- Education: Moscow Institute of Physics and Technology
- Awards: Trinity Academic Entrepreneur of the Year (2006), Enterprise Ireland Best in Category (2009)
- Scientific career
- Fields: Applied Physics, Nanoscience, Energy Materials
- Workplaces: Trinity College Dublin

= Igor Shvets =

Irish physicist

Igor Shvets is the Head of Applied Physics at the School of Physics, Trinity College Dublin (TCD), where he is also a principal investigator at CRANN and AMBER. He has worked in nanomaterials, thin-film physics, energy systems, and transparent conducting oxides, and has founded technology spinouts in Ireland.

== Education ==
Shvets received his MSc in Physics and Electronics from the Moscow Institute of Physics and Technology (MIPT) in 1986, studying under Nobel Laureate Alexander Prokhorov. He earned his Ph.D. in Physics from MIPT and the General Physics Institute of the USSR Academy of Sciences in 1989.

== Career ==
Shvets began his academic career as a researcher at the General Physics Institute in Moscow (1989–1990), followed by a secondment to the University of Basel in Switzerland (1991–1992). In 1991, he joined Trinity College Dublin as a lecturer and was promoted to Associate Professor in 2001. He has been Head of Applied Physics since 2007.

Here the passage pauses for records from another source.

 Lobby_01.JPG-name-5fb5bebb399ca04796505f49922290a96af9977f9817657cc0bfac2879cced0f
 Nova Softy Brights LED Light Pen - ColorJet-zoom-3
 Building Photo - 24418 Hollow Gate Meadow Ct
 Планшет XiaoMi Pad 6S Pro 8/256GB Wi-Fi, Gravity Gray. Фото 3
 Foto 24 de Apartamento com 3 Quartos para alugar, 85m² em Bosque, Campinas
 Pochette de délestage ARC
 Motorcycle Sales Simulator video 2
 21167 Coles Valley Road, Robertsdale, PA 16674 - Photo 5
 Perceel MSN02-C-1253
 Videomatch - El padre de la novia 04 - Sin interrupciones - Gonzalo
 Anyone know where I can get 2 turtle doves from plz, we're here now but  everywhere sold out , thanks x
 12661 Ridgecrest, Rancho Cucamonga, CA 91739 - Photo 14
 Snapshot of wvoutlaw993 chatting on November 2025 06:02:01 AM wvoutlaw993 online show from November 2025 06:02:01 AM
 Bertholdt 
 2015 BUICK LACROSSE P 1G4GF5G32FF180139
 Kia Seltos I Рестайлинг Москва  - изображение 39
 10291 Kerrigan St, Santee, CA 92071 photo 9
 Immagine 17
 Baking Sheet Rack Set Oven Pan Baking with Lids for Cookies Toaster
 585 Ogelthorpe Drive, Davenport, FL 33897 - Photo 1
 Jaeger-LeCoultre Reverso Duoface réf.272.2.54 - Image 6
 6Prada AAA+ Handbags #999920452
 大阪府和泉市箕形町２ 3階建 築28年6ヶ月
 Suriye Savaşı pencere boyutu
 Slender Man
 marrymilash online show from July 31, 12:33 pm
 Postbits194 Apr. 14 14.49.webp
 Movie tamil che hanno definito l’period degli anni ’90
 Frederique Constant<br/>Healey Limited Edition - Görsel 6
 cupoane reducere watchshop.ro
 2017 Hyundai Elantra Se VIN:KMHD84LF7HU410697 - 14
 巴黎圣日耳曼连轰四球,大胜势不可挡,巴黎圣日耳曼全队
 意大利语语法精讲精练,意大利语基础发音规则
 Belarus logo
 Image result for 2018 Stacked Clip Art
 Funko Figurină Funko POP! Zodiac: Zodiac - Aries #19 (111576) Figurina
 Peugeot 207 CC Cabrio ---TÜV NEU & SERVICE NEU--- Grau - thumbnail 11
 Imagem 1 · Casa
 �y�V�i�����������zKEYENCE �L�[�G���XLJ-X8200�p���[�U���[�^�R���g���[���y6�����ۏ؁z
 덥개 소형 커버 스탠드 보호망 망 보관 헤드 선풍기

From 2014 to 2020, he served as Head of the School of Physics at TCD. During his tenure, new MSc programs in Energy Science and Quantum Technologies were developed. He was also involved in establishing the €150 million CRANN research centre in 2002 and launched the weekend science initiative The Walton Club in 2014 alongside Arlene O'Neill

Shvets has founded three high-technology spin-out companies based on his research: Deerac Fluidics (2000–2008), later acquired by Labcyte, Cellix Ltd. (2008–2023), acquired by Randox Laboratories and Miravex Ltd. (2011–present), focused on dermatological imaging.

In 2009, he launched the Spirit of Ireland Project, a national initiative aimed at energy independence through pumped hydro storage.

== Research ==
Shvets specializes in the study and fabrication of heteroepitaxial thin films, oxide materials, and energy-conversion devices. He has published over 330 peer-reviewed papers and holds 27 patents.

In 2024, his group published a paper in Nature Communications describing a miniaturized spectrometer based on a single SnS₂/ReSe₂ van der Waals heterostructure, capable of photodetection, spectrum reconstruction, spectral imaging, long-term image memory, and signal processing within a single chip.
He has also played a role in the development of Liquid Phase Exfoliation, a technique for scalable production of two-dimensional materials. This research, published in Science, has been cited over 7,000 times.

Shvets has contributed to the design of energy materials, co-authoring a 2022 Nature Communications paper on 4D-printed MXene hydrogels for high-efficiency pseudocapacitive energy storage.
In magnetism and spintronics, he has co-authored studies on nanodomain-boundary-induced magnetoresistance in graphene, and on electric-field-induced phase transitions in magnetite nanostructures.